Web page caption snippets

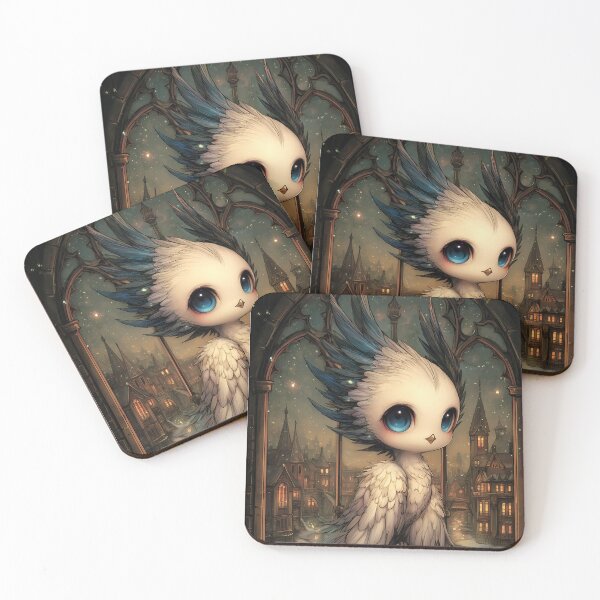 Item preview, Ice Phoenix Fantasy Art | Frost & Winter Mythical Bird designed and sold by InkAndGloom.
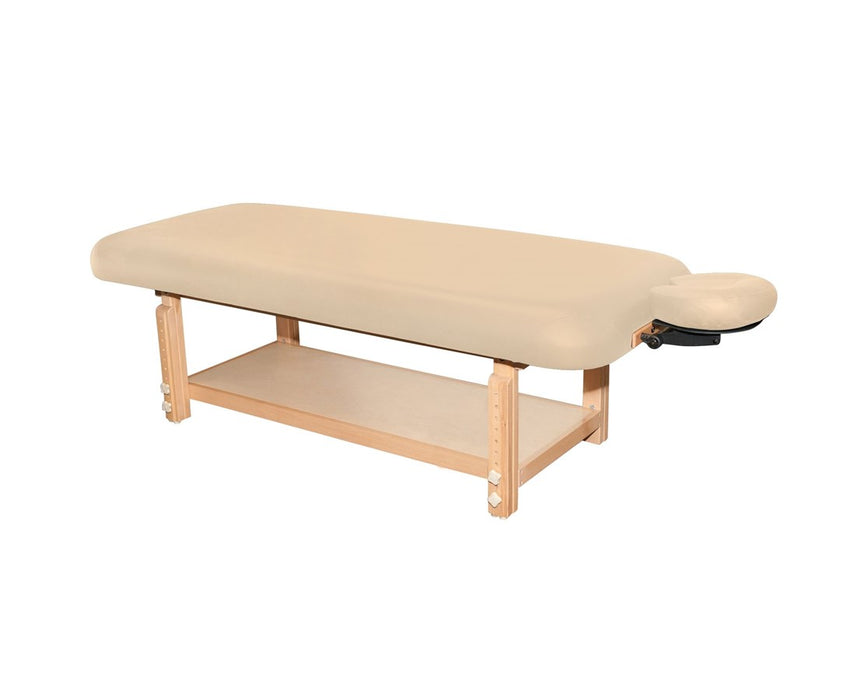 Terra Bariatric Massage Table w/ Shelf & Adjustable Back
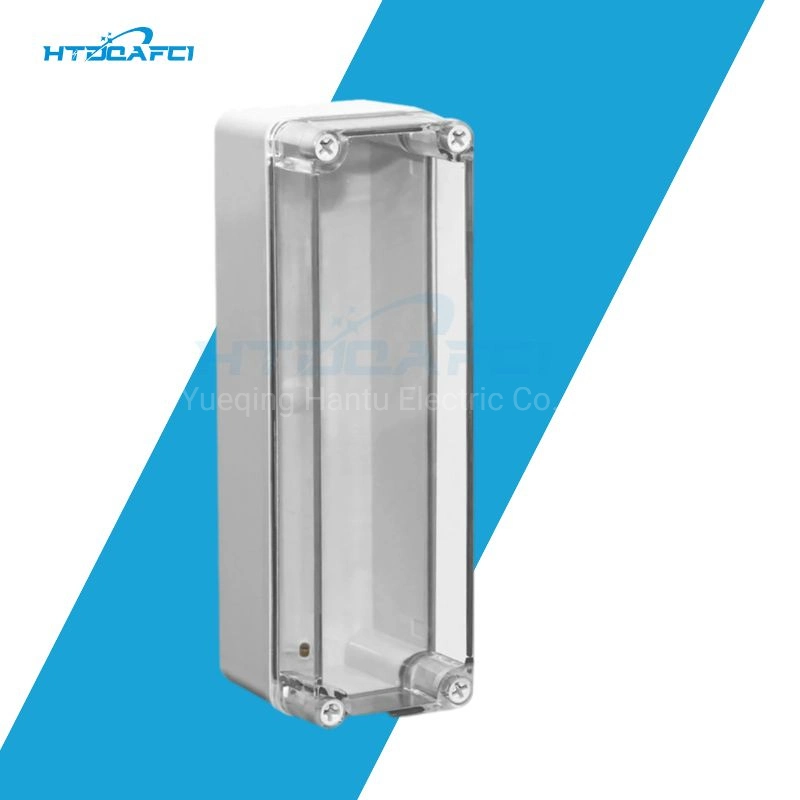 Transparent Cover Outdoor Waterproof Junction Box ABS Plastic Open Cover Outdoor Rainproof Cover PCB Board Instrument Splash Proof Box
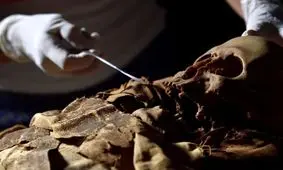 سی تی اسکن یک مومیایی!/ تصاویر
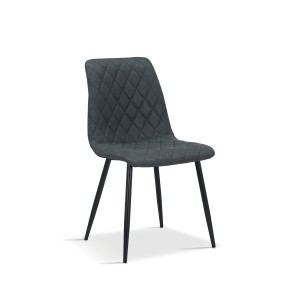 Chaise pour salle à manger coloris gris foncé. Collection GRAZ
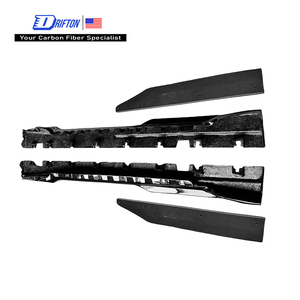 สเกิร์ตข้างคาร์บอนไฟเบอร์ทรง Drifton Dark Horse SC รุ่นใหม่ สำหรับ Ford Mustang Gen7 S650 ปี 2024 ขึ้นไป - Product Image 1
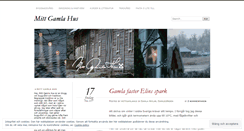Desktop Screenshot of mittgamlahus.wordpress.com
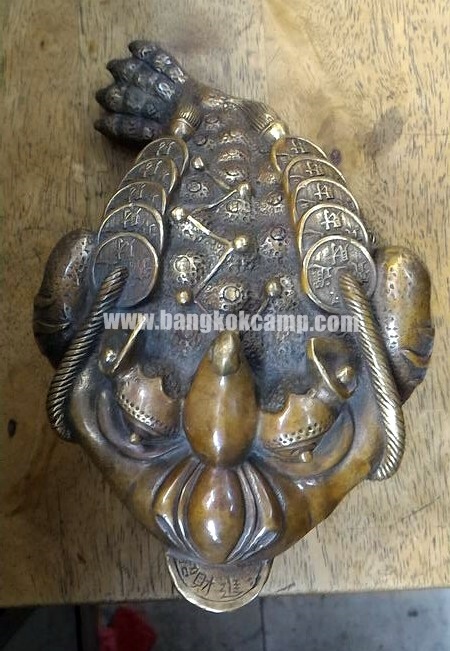 คางคกสามขาคาบเหรียญ (กิมเซียมซู) คางคก3ขาทองเหลือง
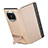 Custodia Portafoglio In Pelle Cover con Supporto GS3 per Huawei Mate X5 Oro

## Task objective
The lines above from the line with "Chaise pour salle" through the line with "Desktop Screenshot of" are to be given again word for word, with no pictures among them.

## Expected output
 Chaise pour salle à manger coloris gris foncé. Collection GRAZ
 สเกิร์ตข้างคาร์บอนไฟเบอร์ทรง Drifton Dark Horse SC รุ่นใหม่ สำหรับ Ford Mustang Gen7 S650 ปี 2024 ขึ้นไป - Product Image 1
Desktop Screenshot of mittgamlahus.wordpress.com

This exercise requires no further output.